В общем, вот так. Он распахнул все двери и долго выкидывал на лестничную площадку всякий одежный хлам вкупе с распахнутыми чемоданами, а дамы, слегка дрожа, но высоко держа оскорбленные подбородки, кто в легких пеньюарах, а кто и просто в банной простыне, сидели на ступеньках, ожидая, когда затухнет беснование. Наконец оно затухло, но вместе с тем захлопнулась и дверь квартиры. Тогда они поняли, что все получилось всерьез, тем более что из глубин квартиры стала разноситься песня «Врагу не сдается наш гордый «Варяг»; соло, а капелла.
Жители Аэропортовской слободы в тот день с любопытством наблюдали, как из одного дома в другой через дорогу шествовали навьюченные две молодые дамы и одна девушка, известная населению по кинофильмам. Им помогал с чемоданами участковый уполномоченный Скворцов, позднее назначенный на пост возле Норвежского посольства, что на Воровской, бывшей Поварской.
Оказавшись в старой квартире Тушинских (вскоре им предстоял переезд в новую, на Котельниках), дамы открыли бутылку лондонского «Бифитера» и приступили к серьезному разговору. Председательствовала Татьяна. Этот твой монстр отчасти прав. Мы живем как тунеядки. Ядим втуне. Или ядим тунца? Так или иначе, пьем, как лошади амазонок. Опьяняемся битвой с коблами, вернее человеческими жеребцами. С этим надо кончать. Нам надо влиться в народ, перейти к тяжелому ручному труду. Почему бы не стать нянечками в какой-нибудь грязной больнице, почему бы не выносить за неподвижными?

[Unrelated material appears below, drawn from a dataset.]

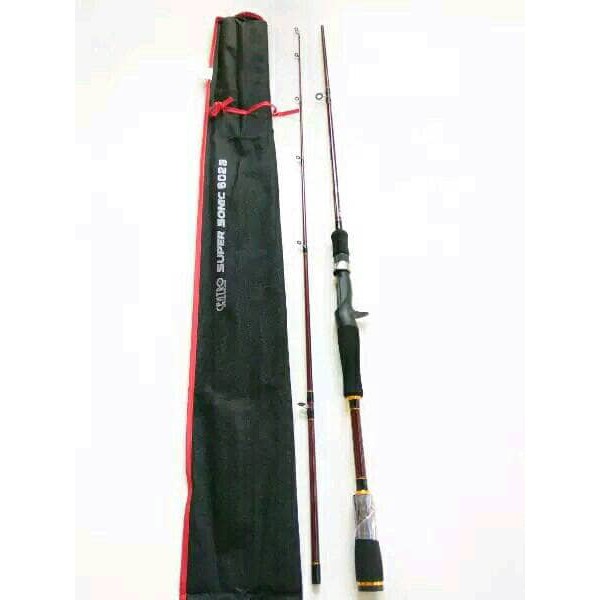 Rod Centro Super Sonic 602B BC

Я за, подхватила Аххо. Прямо ему дротиком в глаз! Хочу уехать в Тарусу и жить в избе. Ходить за скотиной. Утром на рынке предлагать творог. В чайной скорбеть о судьбе столетия. Говорят, что у тамошних шоферов удивительно голубые глаза.
Послушай, ты знала, что в нашей стране миллионы бездомных детей? Это огромная тайна большевиков. Дети переселенных народов кочуют в пустынных степях, вырастает дикарская раса. Мы как женщины века должны начать движение по усыновлению и удочерению несчастных. Пусть эти волчата почувствуют материнскую заботу. Я, например, готова им посвятить весь остаток дней».